El otro hecho traumático a que hacía referencia, ocurrido una década antes del nacimiento de Andresito –ya lo mencionó la profesora Ribeiro–, fue la expulsión de los jesuitas. Ellos fueron acusados, entre otras cosas, de haber instigado a los indios en esta guerra guaranítica de la que hablamos, y producto de un movimiento internacional nacido en Europa, los jesuitas van a ser expulsados, con lo puesto, de golpe, en 1767. Como en Europa habían sido echados de varios países, terminan su periplo bajo los dominios de Catalina «La Grande» de Rusia, allá por Lituania, Polonia.
Estos dos hechos: guerra guaranítica y expulsión de los jesuitas sumado al nuevo régimen que se instaura de la mano de otra congregación religiosa, un régimen basado en el individualismo, a lo que se suma el latrocinio de los nuevos administradores de las Misiones, va a significar el principio del fin del sistema misionero. Nótese que el sistema misionero no implosiona, no cae como el muro de Berlín, cayó víctima de una conjura internacional que termina expulsando a los principales sostenedores del sistema. Volvamos un poco a Andresito, quien siendo chico, cuando no tenía uso de razón, fue llevado por su madre frente a Santo Tomé donde va a recibir la primera instrucción de parte del cura del pueblo. El recibe una instrucción elemental, pero va a destacarse en esa instrucción, va a ser una persona de una viveza muy especial y, como dijo la profesora, va a tener una caligrafía excelente; y él siempre va a estar orgulloso de esa cultura. Su carácter era el común en la gente de su raza, pero tenía una agudeza particular que lo destacaba. El escritor Miguel Martínez lo va a describir diciendo: «Como buen indio guaraní, Andrés era callado y taciturno. No sabía reír. Apenas dibujaba, de vez en cuando, una sombra de sonrisa en su rostro. Pero sus ojos tenían, en cambio, un fulgor singular. En el fondo de su mirada Artigas descubrió, sin duda, los signos inequívocos de su valor y lealtad; y descubrió asimismo, a través de las parcas expresiones del indio, al baqueano y al rastreador»

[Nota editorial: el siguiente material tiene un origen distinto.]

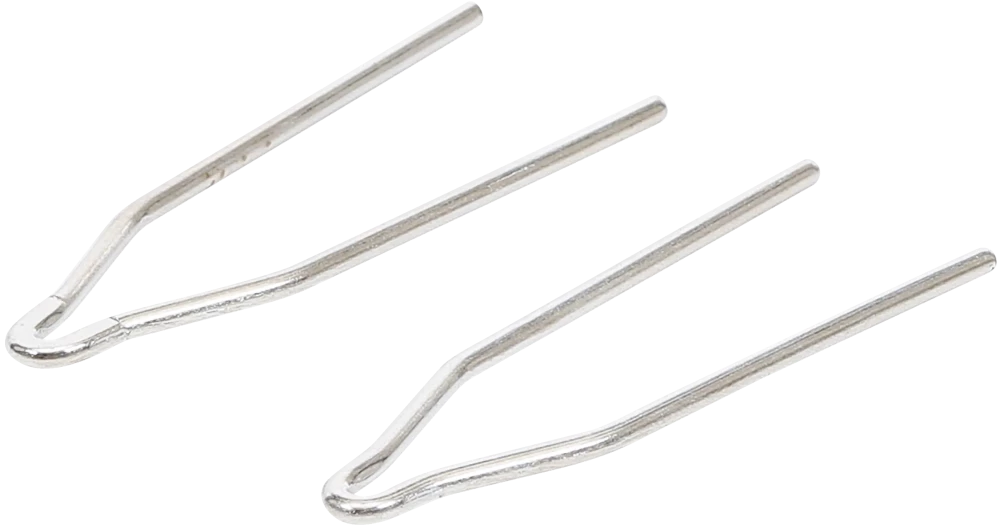 Ersatz-Lötspitzen-Satz, Ø 2 mm, für Art. 9920, 2-tlg.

Siendo adolescente, se supone que Andrés Guacurarí abandonó Santo Tomé y se dirigió a las estancias del sur que estaban administradas por los jesuitas y que llegaban hasta nuestro territorio. Como lo dijo la profesora, era la época de la formación de ese nuevo personaje de nuestra campaña, de ese protagonista de nuestra vida rural que fue el gauderio, el gaucho. Se supone que fue en esa época en que Andresito conoció a Artigas, quien vio en él esa viveza particular, esa capacidad de incidir sobre sus pares, esa inteligencia natural. Artigas lo va a apadrinar y, en cierta forma, adoptar como hijo al punto de que Andresito va a firmar Andrés Guacurarí y Artigas e incluso hay documentos en el que él firma simplemente Artigas.

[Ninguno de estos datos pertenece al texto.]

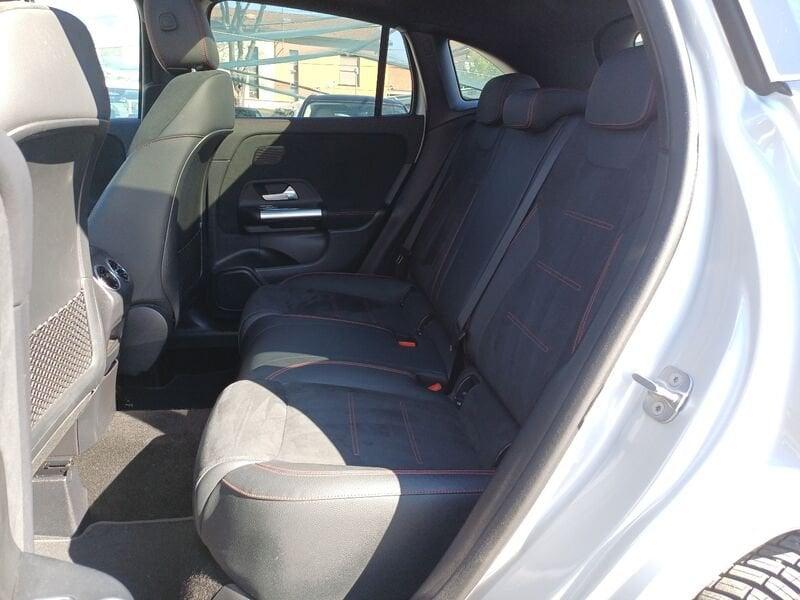 Mercedes-Benz GLA GLA 200 d AMG Line Premium NIGHT-PACK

Así llegamos al año de 1815; ante la muerte de Blas Basualdo, Artigas debe designar quien lo represente, quien lleve sus ideas al territorio misionero, quien sea capaz de recuperar los territorios perdidos y no tiene a nadie mejor que a Andrés Guacurarí, quien es designado comandante general de Corrientes, no gobernador. Era un pueblo en armas, era un cargo básicamente militar. Andresito se va a instalar en Concepción, una localidad del norte de su territorio. Entre la gente que va a ir con él va a estar un personaje singular, fray José Acevedo, que va a oficiar como secretario y lugarteniente de él y, en cierta medida, se va a dar paralelismo con la figura de Monterroso junto a Artigas. Acevedo va a estar con él hasta 1818, después va a ser reintegrado por orden de Artigas y va a terminar siendo prisionero de los portugueses y preso en Río de Janeiro junto a Andresito. Acevedo va a estar con él hasta 1818, después va a ser reintegrado por orden de Artigas y va a terminar siendo prisionero de los portugueses y preso en Río de Janeiro, junto a Andresito. Ocupa Concepción y los pueblos aledaños y, de inmediato, una de las primeras acciones fue elegir los diputados para el Congreso que Artigas estaba convocando en el arroyo de la China, el famoso Congreso de Oriente. De esta forma empieza a vivir en Corrientes el artiguismo.
Andresito tenía en la memoria de su sangre la riqueza de la milenaria cultura guaraní, el recuerdo de la organización misionera jesuítica y, también, había incorporado los conceptos de patria grande aprendidos en torno a José Artigas. Andresito va a aplicar en los territorios y localidades que ocupa la implantación inmediata del viejo sistema de gobierno hispánico, a través de los Cabildos que, como lo dice la palabra, eran la cabeza de la ciudad. Incluían mucho más que lo municipal; abarcaban la vida en todos los órdenes, la policía, la instrucción, la milicia, todo lo que
concernía a la vida de una persona era regido por el Cabildo. El Cabildo era la demostración más popular y democrática de gobierno que haya existido en las épocas que estamos hablando. Todos los 1.º de enero se reunían los vecinos en la plaza y votaban a las autoridades que por un año iban a regir sus destinos. Al término de ese año, las autoridades debían someterse al juicio de residencia y pagar con cárcel si habían cometido algún error y, en algunos casos, lo hicieron hasta con su vida. Andresito era, antes que nada, un caudillo militar, y por eso va a ser comandante de la campaña. Su ascendiente provenía de su capacidad, de su prestigio pero, sobre todo, por ser el hombre de Artigas. Artigas, quien por lo que vimos anteriormente, veneraba al pueblo misionero, había designado a Andresito y eso le daba un poder, principalmente sobre su pueblo guaraní, máxime cuando se trataba de un igual, que era el que ejercía esa autoridad en nombre del General.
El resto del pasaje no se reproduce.